Was spricht gegen die erneute Verwendung des ursächlichen Materials - das wie lange gehalten hat? Nur unser "alles besser machen wollen - Wahn"!
Beste Grüße



1 mal bearbeitet. Zuletzt am 22.11.17 10:36 von arthur.

Re: Kielbolzen prüfen
geschrieben von: André bauer (IP bekannt)
Datum: 23.11.17 19:24

Naja...
>
> 1. Alter des Bootes?
> 2. Wann wurde was bereits ausgetauscht?
Dürfte den wenigsten bekannt sein...

> 3. Wenn nicht bekannt, dann
> 4. Kielbolzen ziehen und kontrollieren, wenn
> sichtlich alt (wie auf den Beispielbildern) muß
> nicht mehr groß untersucht werden - Austausch!
Ziehen ist auch aufwendig und teilweise mit zerstörerischen Arbeiten verbunden, wenn die Köpfe versenkt sind z.B muss ein Gewindeloch in den Kopf geschnitten werden. Bei meinem Schiff sind die Bolzen von unten durch gesteckt, Ziehen war nur so möglich. Ist das Loch drin, hat man eine Stelle mehr die rostet und der Bolzenkopf ist geschwächt, weil nicht klar ist wie tief man bohren kann. Die Verzinkung ist auch kaputt.
Nicht zuletzt kommen beim Ziehen der Bolzen auch viele Stunden zusammen, die genauso bezahlt werden müssen.
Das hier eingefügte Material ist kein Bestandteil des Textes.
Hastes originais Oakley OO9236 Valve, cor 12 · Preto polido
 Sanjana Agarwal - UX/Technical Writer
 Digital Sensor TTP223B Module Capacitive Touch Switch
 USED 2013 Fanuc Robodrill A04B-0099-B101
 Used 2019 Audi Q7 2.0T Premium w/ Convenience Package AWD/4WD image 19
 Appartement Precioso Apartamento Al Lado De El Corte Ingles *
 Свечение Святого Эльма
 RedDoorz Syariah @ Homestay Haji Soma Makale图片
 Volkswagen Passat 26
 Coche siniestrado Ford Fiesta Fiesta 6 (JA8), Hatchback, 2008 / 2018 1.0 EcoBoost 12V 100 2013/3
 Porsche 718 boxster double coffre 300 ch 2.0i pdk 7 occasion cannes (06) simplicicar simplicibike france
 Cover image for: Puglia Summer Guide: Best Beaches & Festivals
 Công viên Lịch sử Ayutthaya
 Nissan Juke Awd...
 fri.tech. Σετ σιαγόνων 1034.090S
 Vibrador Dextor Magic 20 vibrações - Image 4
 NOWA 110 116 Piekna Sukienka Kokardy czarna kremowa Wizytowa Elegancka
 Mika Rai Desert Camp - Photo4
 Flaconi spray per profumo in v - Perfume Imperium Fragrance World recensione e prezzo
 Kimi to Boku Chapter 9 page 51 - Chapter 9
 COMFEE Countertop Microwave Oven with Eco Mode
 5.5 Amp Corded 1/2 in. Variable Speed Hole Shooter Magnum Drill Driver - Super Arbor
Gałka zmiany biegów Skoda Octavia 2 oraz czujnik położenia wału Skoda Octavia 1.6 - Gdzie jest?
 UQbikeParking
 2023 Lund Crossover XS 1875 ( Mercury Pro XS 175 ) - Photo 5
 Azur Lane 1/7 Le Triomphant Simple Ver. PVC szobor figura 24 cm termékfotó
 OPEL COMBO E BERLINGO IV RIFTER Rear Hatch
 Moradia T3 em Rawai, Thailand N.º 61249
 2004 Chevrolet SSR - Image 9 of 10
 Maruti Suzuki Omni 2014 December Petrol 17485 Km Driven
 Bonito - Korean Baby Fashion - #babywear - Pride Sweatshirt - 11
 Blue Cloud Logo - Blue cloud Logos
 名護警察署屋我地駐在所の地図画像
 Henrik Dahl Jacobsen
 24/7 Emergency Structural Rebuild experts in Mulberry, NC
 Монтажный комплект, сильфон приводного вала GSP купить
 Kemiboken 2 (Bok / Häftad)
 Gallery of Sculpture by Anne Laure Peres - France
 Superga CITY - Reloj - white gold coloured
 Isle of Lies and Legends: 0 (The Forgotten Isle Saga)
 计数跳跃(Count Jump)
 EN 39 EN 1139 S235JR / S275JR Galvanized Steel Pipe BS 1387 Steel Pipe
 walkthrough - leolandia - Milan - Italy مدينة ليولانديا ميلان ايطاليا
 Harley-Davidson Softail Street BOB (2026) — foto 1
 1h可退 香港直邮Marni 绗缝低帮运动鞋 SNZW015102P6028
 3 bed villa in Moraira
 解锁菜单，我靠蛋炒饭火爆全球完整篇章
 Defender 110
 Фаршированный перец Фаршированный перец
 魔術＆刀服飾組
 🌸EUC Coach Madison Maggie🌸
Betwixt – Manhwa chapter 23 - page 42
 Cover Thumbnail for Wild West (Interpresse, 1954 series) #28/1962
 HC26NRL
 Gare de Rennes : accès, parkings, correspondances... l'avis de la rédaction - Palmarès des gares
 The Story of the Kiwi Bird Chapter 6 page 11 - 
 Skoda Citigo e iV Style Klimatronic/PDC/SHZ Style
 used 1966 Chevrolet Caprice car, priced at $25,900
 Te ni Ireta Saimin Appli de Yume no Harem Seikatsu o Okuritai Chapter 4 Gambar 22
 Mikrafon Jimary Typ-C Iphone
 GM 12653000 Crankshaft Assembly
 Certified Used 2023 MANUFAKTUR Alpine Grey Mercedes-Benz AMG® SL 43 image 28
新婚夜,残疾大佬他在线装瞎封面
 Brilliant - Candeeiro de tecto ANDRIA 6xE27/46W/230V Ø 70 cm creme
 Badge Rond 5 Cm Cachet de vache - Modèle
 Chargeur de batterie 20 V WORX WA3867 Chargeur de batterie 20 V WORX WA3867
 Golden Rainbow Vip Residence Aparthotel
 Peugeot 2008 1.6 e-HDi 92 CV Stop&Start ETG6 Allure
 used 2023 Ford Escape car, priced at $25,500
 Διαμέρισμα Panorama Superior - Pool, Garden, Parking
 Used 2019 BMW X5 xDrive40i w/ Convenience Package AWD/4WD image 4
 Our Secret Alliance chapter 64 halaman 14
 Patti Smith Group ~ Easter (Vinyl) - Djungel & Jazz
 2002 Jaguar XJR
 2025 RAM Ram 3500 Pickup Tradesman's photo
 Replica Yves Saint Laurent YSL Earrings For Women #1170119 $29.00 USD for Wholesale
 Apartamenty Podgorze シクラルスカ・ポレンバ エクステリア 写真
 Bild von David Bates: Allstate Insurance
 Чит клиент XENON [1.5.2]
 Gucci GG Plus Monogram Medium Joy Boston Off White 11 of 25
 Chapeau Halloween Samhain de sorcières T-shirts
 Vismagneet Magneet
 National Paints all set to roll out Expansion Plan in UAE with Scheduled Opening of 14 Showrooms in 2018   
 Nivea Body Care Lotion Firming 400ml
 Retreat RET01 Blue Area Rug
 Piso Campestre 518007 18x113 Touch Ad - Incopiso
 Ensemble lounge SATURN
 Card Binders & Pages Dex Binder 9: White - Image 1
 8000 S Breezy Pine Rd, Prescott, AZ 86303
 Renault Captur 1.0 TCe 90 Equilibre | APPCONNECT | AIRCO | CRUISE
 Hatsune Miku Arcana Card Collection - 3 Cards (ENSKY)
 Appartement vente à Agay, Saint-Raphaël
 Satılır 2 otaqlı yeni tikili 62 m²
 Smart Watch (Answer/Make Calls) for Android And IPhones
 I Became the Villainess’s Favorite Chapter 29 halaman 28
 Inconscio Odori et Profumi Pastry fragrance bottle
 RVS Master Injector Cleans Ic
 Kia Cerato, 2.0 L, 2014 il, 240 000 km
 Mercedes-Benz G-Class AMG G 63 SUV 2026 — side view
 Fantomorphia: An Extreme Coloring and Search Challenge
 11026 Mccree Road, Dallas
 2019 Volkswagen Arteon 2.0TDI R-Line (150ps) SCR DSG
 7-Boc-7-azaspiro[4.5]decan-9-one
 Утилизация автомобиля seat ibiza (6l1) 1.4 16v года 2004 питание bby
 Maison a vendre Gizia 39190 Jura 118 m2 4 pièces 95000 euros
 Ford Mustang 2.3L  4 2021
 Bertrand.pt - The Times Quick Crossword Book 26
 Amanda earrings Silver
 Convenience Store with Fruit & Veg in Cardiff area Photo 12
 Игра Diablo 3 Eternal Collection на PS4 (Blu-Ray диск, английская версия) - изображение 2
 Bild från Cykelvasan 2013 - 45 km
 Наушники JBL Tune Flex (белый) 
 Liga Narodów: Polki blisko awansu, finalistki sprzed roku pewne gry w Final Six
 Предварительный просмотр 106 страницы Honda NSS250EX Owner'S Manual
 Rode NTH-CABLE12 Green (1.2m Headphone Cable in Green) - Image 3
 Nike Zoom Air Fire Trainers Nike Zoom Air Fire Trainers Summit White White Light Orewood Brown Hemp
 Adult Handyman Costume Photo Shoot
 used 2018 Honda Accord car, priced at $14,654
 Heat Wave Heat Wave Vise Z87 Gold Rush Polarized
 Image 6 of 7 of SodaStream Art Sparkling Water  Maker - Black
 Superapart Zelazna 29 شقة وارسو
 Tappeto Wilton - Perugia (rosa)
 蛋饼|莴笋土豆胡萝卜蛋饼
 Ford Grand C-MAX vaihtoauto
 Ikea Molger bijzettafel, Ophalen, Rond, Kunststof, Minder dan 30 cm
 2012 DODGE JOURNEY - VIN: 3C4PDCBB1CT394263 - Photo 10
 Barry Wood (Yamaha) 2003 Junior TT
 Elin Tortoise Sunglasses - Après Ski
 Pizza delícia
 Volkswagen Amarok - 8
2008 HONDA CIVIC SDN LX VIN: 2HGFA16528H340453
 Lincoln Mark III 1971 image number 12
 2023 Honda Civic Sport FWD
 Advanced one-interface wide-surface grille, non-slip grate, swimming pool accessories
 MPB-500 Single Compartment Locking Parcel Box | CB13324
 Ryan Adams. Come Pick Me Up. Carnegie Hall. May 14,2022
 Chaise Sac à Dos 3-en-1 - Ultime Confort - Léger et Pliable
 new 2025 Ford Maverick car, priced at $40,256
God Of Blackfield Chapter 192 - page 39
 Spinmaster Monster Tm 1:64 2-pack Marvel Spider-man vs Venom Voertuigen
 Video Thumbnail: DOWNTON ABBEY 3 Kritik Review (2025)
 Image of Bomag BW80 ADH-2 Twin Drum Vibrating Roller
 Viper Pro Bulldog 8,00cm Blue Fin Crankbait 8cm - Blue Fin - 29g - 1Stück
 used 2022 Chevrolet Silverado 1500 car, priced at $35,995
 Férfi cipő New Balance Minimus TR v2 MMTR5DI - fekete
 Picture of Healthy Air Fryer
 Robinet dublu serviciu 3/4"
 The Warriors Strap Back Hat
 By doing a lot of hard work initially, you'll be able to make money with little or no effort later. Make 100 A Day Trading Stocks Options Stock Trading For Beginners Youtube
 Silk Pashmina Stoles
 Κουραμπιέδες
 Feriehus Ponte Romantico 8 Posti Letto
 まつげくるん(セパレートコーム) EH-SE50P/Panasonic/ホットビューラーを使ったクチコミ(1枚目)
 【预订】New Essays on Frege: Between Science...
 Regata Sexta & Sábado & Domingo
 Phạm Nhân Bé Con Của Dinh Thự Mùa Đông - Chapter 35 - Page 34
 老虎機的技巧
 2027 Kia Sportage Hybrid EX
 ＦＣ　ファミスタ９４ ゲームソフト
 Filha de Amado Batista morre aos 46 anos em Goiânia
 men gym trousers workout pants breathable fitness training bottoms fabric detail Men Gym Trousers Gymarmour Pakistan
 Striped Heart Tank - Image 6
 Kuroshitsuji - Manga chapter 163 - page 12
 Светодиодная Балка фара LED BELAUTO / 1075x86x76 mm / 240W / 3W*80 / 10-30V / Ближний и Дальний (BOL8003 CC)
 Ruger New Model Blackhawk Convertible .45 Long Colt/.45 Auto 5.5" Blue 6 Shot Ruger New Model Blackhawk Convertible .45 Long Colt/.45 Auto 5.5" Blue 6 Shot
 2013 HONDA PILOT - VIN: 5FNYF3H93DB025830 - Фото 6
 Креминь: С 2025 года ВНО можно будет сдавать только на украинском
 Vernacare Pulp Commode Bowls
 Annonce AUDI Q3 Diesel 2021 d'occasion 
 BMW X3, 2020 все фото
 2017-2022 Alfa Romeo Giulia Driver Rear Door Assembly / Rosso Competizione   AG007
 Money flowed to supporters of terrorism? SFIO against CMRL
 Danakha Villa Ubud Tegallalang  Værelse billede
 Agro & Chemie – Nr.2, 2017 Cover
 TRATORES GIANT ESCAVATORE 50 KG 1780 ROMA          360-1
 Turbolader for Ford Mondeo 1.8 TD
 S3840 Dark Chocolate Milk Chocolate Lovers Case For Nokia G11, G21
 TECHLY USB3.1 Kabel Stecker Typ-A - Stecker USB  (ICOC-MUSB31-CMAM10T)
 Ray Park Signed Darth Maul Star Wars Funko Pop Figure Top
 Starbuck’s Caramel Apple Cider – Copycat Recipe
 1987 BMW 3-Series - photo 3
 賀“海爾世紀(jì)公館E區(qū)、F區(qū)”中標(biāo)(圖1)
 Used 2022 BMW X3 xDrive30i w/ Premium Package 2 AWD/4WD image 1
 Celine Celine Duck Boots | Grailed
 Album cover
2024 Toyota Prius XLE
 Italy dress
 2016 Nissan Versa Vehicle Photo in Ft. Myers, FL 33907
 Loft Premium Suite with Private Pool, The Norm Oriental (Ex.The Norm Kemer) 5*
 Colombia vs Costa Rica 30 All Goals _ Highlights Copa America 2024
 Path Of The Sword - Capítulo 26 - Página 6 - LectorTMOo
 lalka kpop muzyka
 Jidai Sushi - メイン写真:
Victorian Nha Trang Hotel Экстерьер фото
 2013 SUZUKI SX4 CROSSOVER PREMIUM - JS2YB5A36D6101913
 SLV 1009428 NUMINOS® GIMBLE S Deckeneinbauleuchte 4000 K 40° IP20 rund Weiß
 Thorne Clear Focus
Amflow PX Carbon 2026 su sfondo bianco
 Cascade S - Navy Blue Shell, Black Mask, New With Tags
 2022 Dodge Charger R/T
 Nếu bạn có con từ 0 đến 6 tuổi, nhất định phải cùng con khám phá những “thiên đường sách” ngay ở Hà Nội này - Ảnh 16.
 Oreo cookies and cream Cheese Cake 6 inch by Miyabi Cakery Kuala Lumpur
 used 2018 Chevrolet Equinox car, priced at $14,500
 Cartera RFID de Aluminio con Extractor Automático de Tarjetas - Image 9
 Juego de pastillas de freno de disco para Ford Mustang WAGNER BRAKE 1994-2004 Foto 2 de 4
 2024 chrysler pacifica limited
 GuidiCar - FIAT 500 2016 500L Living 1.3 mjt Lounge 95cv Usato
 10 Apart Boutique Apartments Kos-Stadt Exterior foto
> 5. Achtung, wie bereits schon richtig angemerkt
> "Edelstahl ist nicht zwangsläufig" die
> Musterlösung...
> Was spricht gegen die erneute Verwendung des
> ursächlichen Materials - das wie lange gehalten
> hat? Nur unser "alles besser machen wollen -
> Wahn"!
Was spricht dagegen etwas besser machen zu wollen? Wir haben den Auftrag übernommen, die Boote für die Nachwelt zu erhalten. Und wir müssen eine ökologische Verantwortung übernehmen, also ressourcenschonend und umweltgerecht arbeiten. Holzbestände schonen z.B, also auch Rott minimieren.
"Hebbt wi jümmers so mokt" ist der typische Spruch derjenigen, die eine Ausrede suchen Arbeit nicht machen zu müssen.
Der Erhalt von Handwerkstraditionen und -Künsten ist genauso wichtig, nur als Ausrede darf das nicht herhalten.